In the United States, consumer interest in weight loss drugs and non-alcoholic alternatives has led to a decline in soda purchases. Despite this trend, Coca-Cola announced strong second-quarter earnings, thanks in part to strong global demand for its beverages, prompting the company to raise its annual guidance.
Coca-Cola’s CEO, James Quincey, expressed optimism about the second-quarter results, noting solid growth in both revenue and operating income amid a shifting market landscape. However, the company reported a 1% drop in volume sales in North America during this period. Quincey attributed this decline to “softness in away-from-home channels,” which encompasses water, sports drinks, coffee, tea, and sodas.

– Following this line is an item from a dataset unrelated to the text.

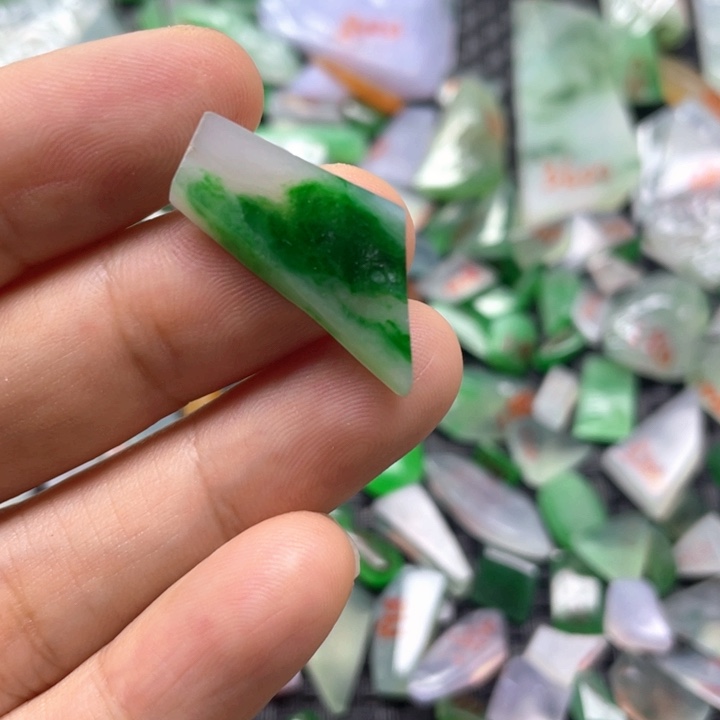 定制翡翠未镶嵌天然翡翠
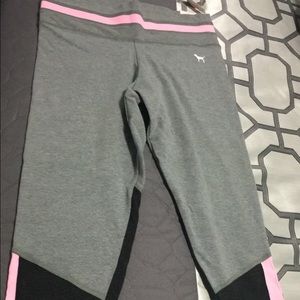 Victoria's Secret yoga pants Capri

The decrease in sales was partially mitigated by the success of Fairlife milk products and Coke itself, which were top performers in retail sales growth for the quarter. To counteract the drop, Coca-Cola is collaborating with fast-food chains to include its sodas in combo meal offerings. Notably, there are efforts with McDonald’s to enhance its $5 meal deal that features a soft drink.
Coca-Cola exceeded Wall Street expectations with reported revenue of $12.4 billion for the second quarter, translating to approximately $0.84 per share. Analysts had anticipated revenue of around $11.76 billion, or roughly $0.81 per share.
The company has revised its forecast for organic revenue growth, now expecting a range of 9% to 10%, up from the previous estimate of 8% to 9%.
In a similar vein, Pepsi is also facing challenges in attracting U.S. consumers who are increasingly focused on weight loss and healthier options. A Gallup poll indicates that young adults in the U.S. are consuming significantly less alcohol than in the past. In early July, Pepsi attributed its disappointing second-quarter performance to a series of product recalls.